Uh, er…make that Kabuki, that’s right Kabuki.

Oops!   Sorry.

And guys, we didn’t forget about you!!!   We offer two conservative looks that are crisp and clean and criminal.   We’ve based these two examples on former  Bush adviser, Karl Rove.

VERSION ONE is the original Karl Rove:



And this is VERSION TWO:  The Karl Rove-Slash-Mark David Chapman, Beatle Killer



Back to Femalia.  Here’s our last offering.  It’s a two-part Max Factor-based homage to that little cherubic Brit and younger daughter of a one Mr. Ozzie Osbourne:

VERSION ONE:   The Kelly Osbourne


And VERSION TWO:   The More Dramatic  Kelly Osbourne-Slash-Lon Chaney as The Phantom of The Opera.

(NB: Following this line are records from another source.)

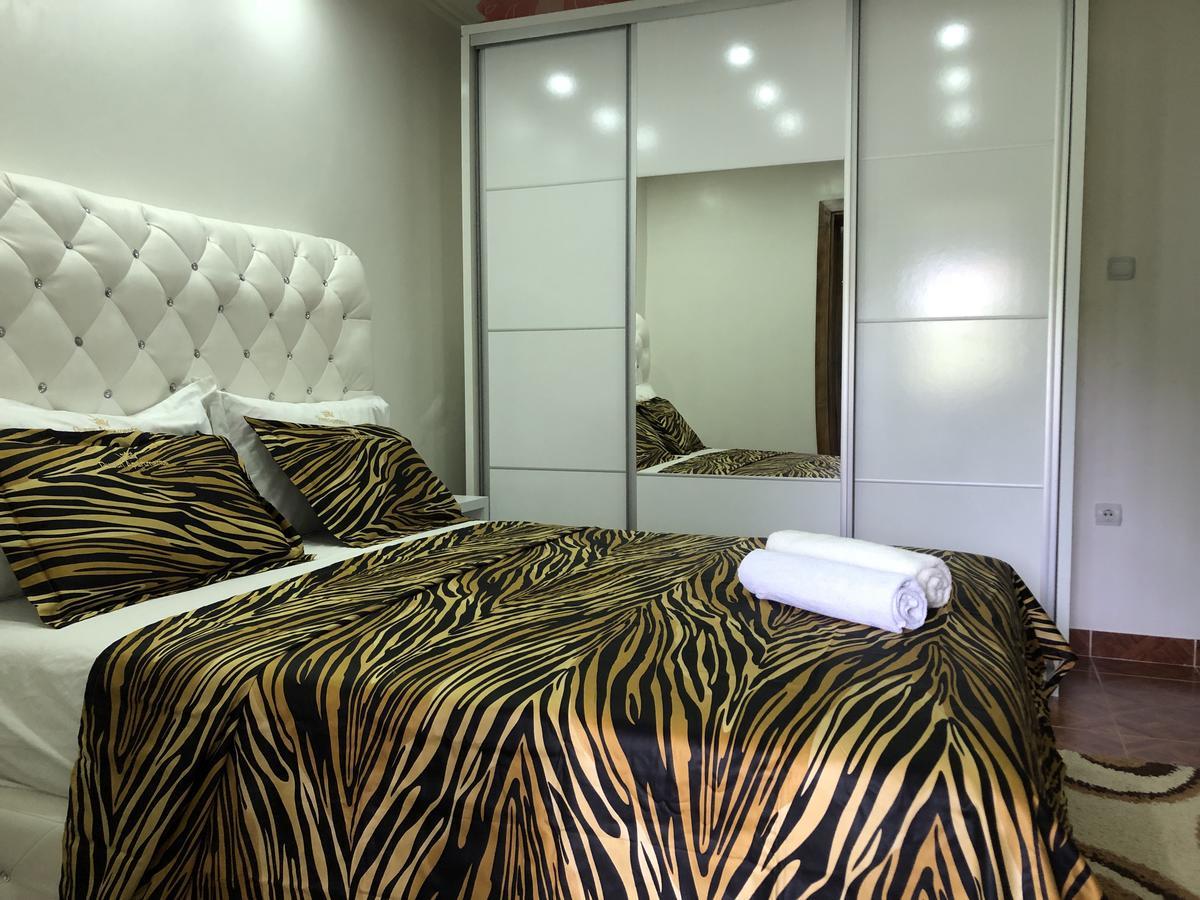 Queen Kodre Apartments Улцинь Екстер'єр фото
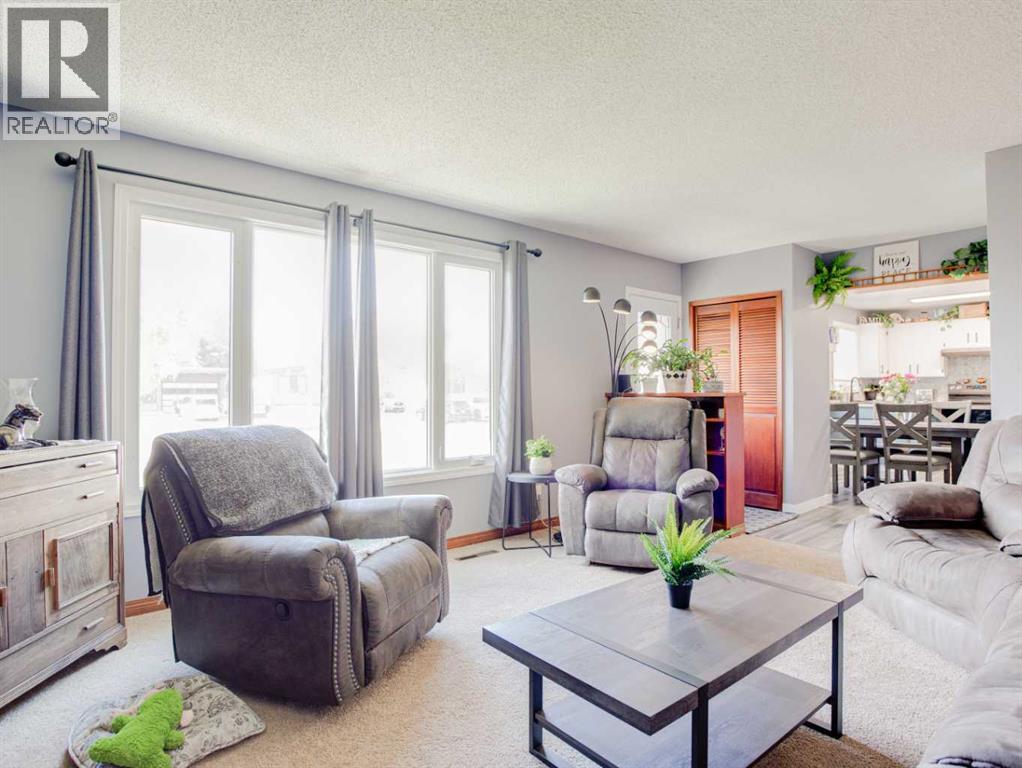 2710 9 Avenue N, Lethbridge, Alberta  T1H 1J7 - Photo 3 - A2312194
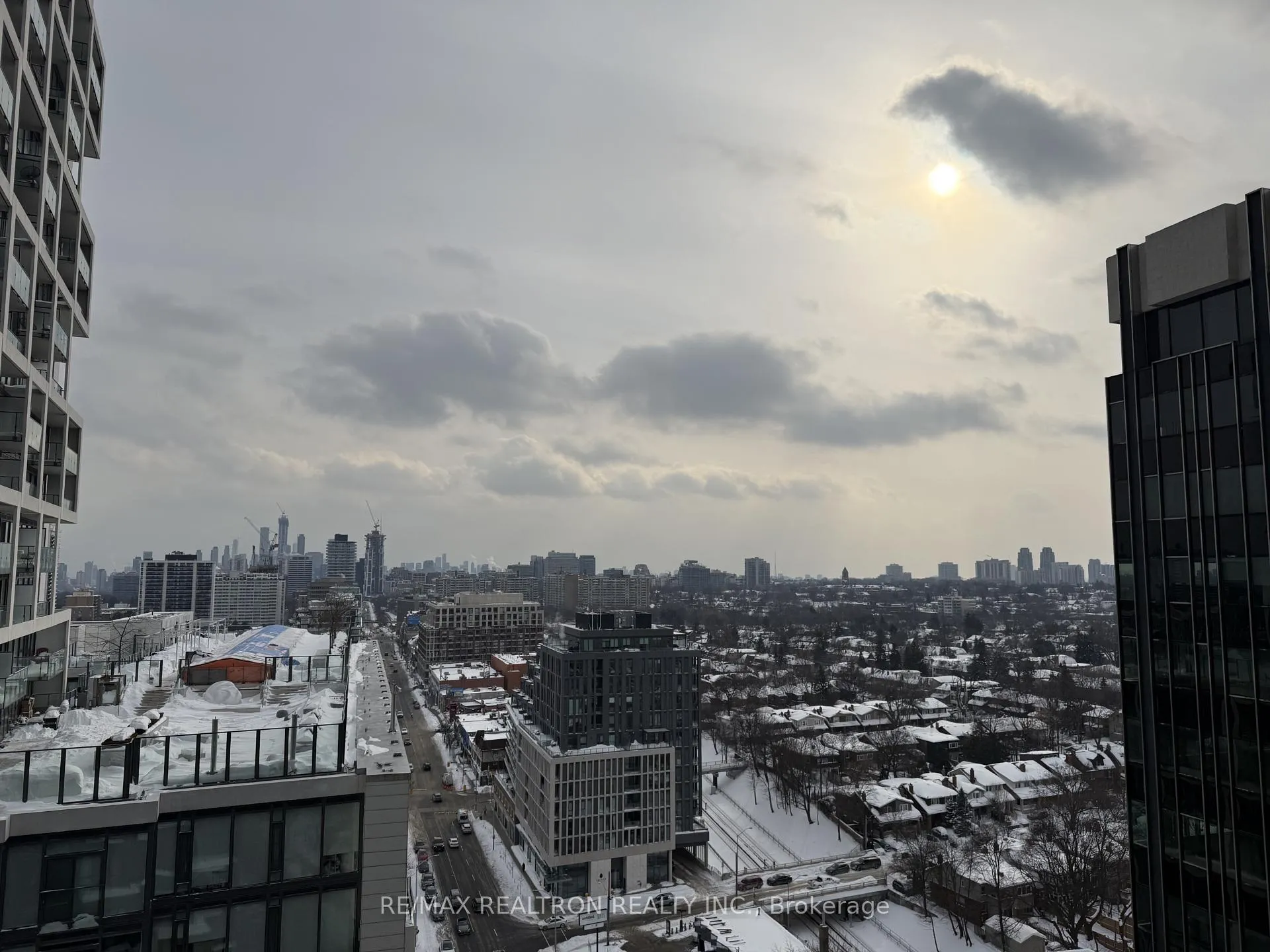 Photo 20 of Unit 1607, 20 Soudan Avenue, Toronto, Mount Pleasant West — HOMEH
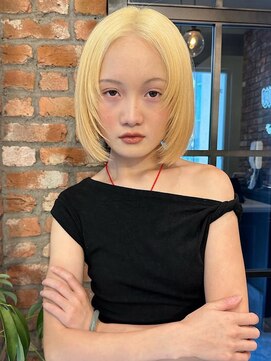 抜きっぱなしブロンドボブ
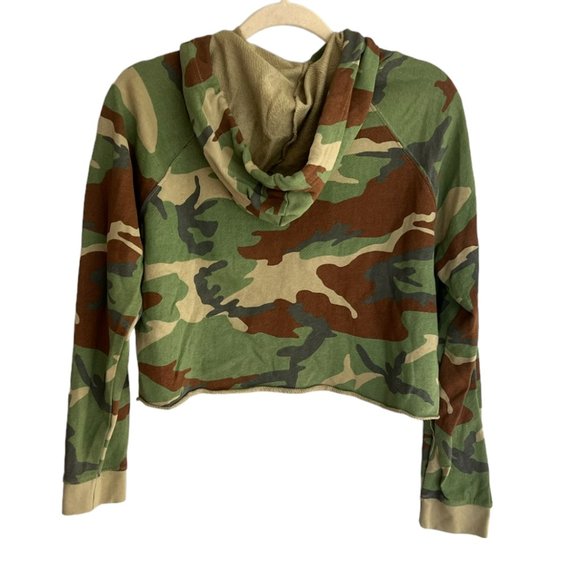 Women's Forever 21 Camouflage Cropped Drawstring Hoodie Size Medium - Picture 3 of 5
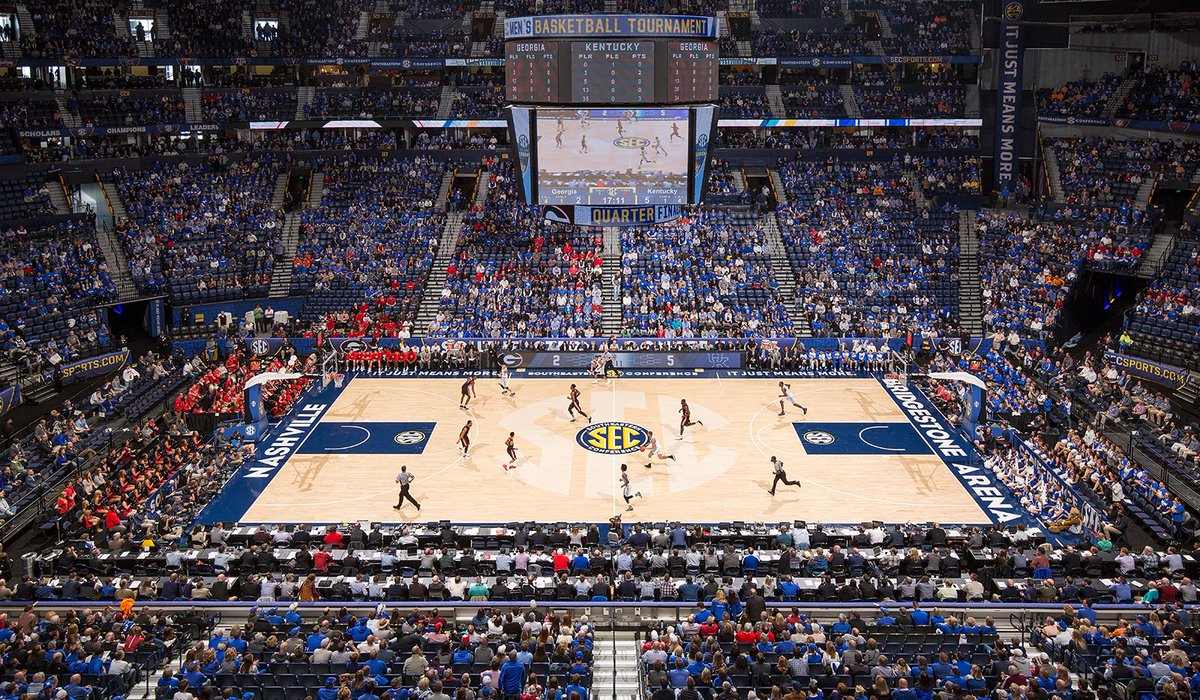 The @SEC Men's Basketball Tournament is returning to @BrdgstoneArena on March 13-17, just a short walk from @NashvilleYards! 🏀 If you didn't score tickets, you can still catch all of the action and enjoy local drafts and bites at lounanashville.com at @GrandHyattNash.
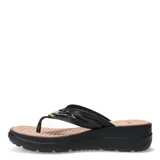 Sandalias tipo ojota Azaleia modelo Jane, con plataforma baja y tiras finas en color rosado. Presentan una textura antideslizante en la plantilla y un detalle metálico en la unión de las tiras.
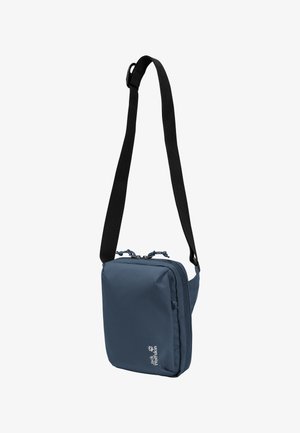 Borsa a tracolla compatta blu navy con tracolla nera regolabile, due scomparti con cerniera e logo Jack Wolfskin sul davanti.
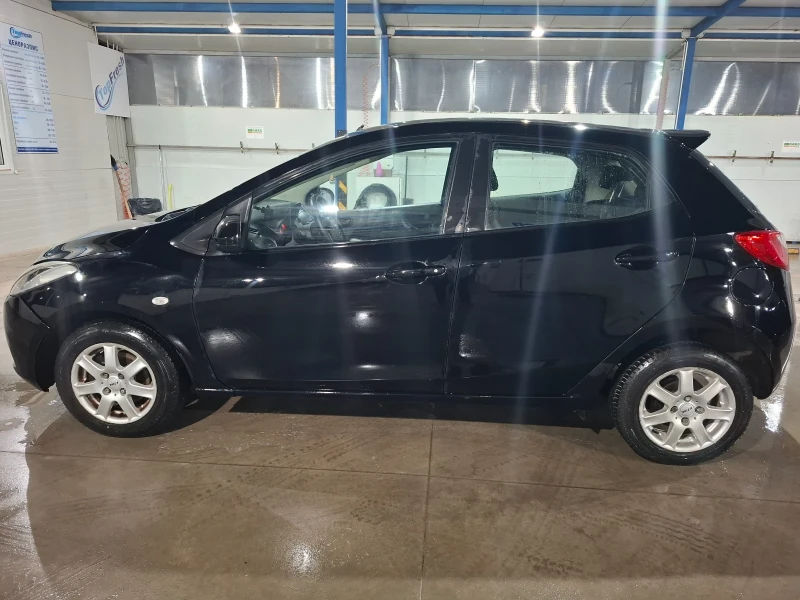 Mazda 2, снимка 8 - Автомобили и джипове - 53515412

Cleenax Insta-Makeup promises to make YOU look lovely and ME, rich beyond the dreams of avarice!

Buy Cleenax Insta-Makeup where ever acne products are sold!!!!

Some assembly required.

Not available in parts of Arkansas, Southern  Idaho, Poughkeepsie and Fire Island.



  1. Enjoy your ruminations. One note, though. Your photo is Lon Chaney as “The Phantom of the Opera,” not Quasimodo

  2. Hilarious post Laurie. Thanks for the laugh. 😀

    Kudos to your company for developing such an ingenious and helpful product!

    May I humbly suggest these 2 possible variants to enhance the Cleenax line? How about a “Heavy Duty” package for the hopelessly hideous? And a “Natural” version, which looks like you’re wearing “no makeup at all”? Just a thought …

  3. Yes David and thank you. The Brain Trust and I are in the process of working on the ways and means of a De-Uglifier. A rather complicated device that essentially works like a humidifier, but instead of using water based steam, this will emit Chlorine Gas.

    We’re awaiting patent approval from the EPA.

    As I see it if you’re that ugly, then you’re an affront to humanity. And as the Bible tells those who read it, if something offends, burn that bitch up.

    It’s just my little contribution to maintain the beauty of this Big Blue Marble.


  4. Are you sure that the pictures of Karl Rove and David Chapman aren’t the same guys? Amazing. They look more alike than you and Papa Sam do.